_WHAT TO DO_.
Both the line with "Sadaro sunglasses |" and the line with "Apartamento en alquiler" in the records below must appear in the output, along with every line between them, exactly and with nothing added.

_SOURCE MATERIAL_.
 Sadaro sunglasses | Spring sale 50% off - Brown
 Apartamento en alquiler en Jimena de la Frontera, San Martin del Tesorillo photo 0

--

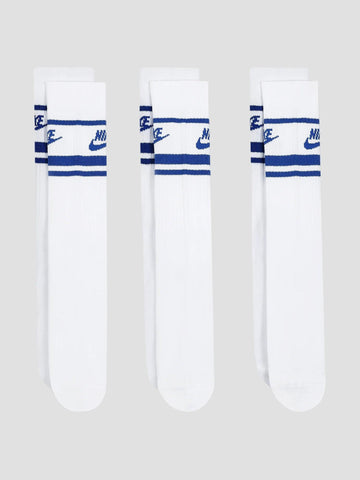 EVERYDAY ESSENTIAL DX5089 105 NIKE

...

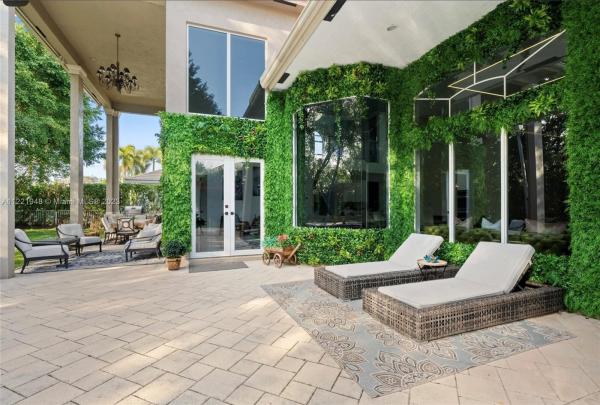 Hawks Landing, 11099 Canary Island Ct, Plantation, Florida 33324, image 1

_ANSWER TO THIS TASK_.
 Sadaro sunglasses | Spring sale 50% off - Brown
 Apartamento en alquiler en Jimena de la Frontera, San Martin del Tesorillo photo 0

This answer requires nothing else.